I still haven’t heard a remotely sufficient answer to the question of why, given estimates of catastrophe or extinction in the range of even 5 or 10%, these AI labs feel they have a right to plow ahead and basically just hope for the best? Especially since even if they “succeed” there’s a high chance what success looks like is mass unemployment and disempowerment.
Of course I know one reason - the risk/reward in all of this is a lot higher if you make 100 million along the way working at these labs, but still, the level of disregard being shown for your fellow man here is astonishing.
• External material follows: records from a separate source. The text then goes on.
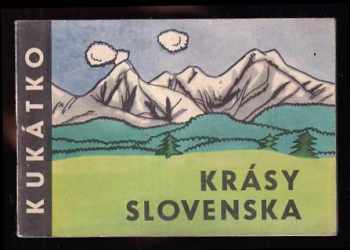 Ján Barica: Krásy Slovenska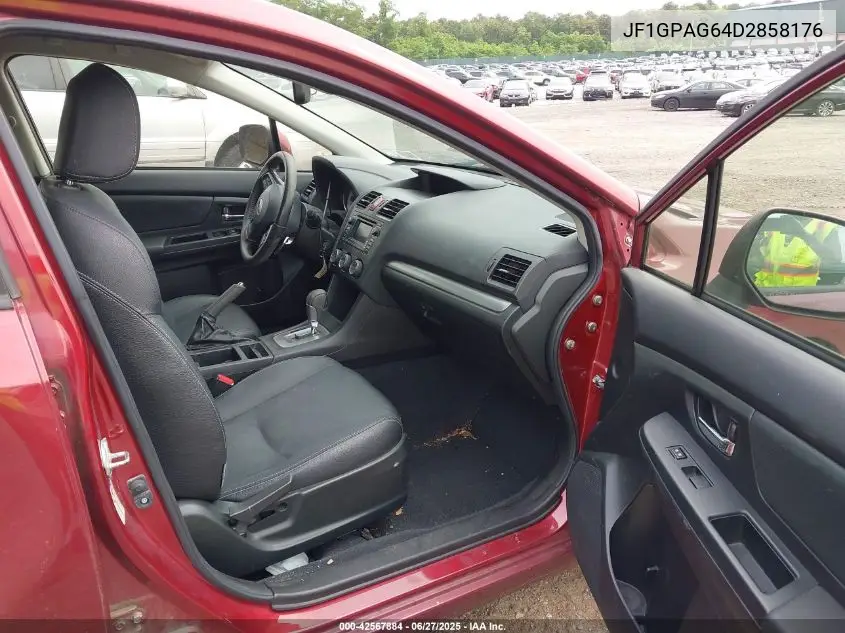 2013 Subaru Impreza 2.0I Limited VIN: JF1GPAG64D2858176 Lot: 42567884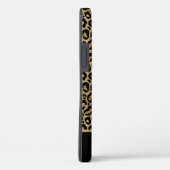 Coques Case-Mate iPhone Parties scintillant or tendance Leopard Poster de  (Verso / Droite)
Getting everyone to take risks seriously, when there is no historical record for guidance, is next to impossible. With cyberattacks for instance you can point to historical data and make objective claims about risk, and any reasonable person will have to agree about those claims.
In domains like climate change, or AI safety, there is no historical record of black swan events. So to take a risk claim seriously, you have to believe someone's *story*, not their data.
Your "5 or 10% risk of extinction" is in truth a widely distributed set of personal beliefs. And there are clearly a lot of people who think that number is 0%, and are acting accordingly. It's hard to objectively refute them.
It’s also hard to refute the fact that these x-risk claims were made by the very same people who are now making billions and coincidentally now all share a different set of beliefs: that the true risk is any kind of regulation on their companies.
"It is difficult to get a man to understand something, when his salary depends on his not understanding it." -- Upton Sinclair
As soon as somebody has a financial stake in the outcome, it should recuse them from any discussion about risk or societal impact.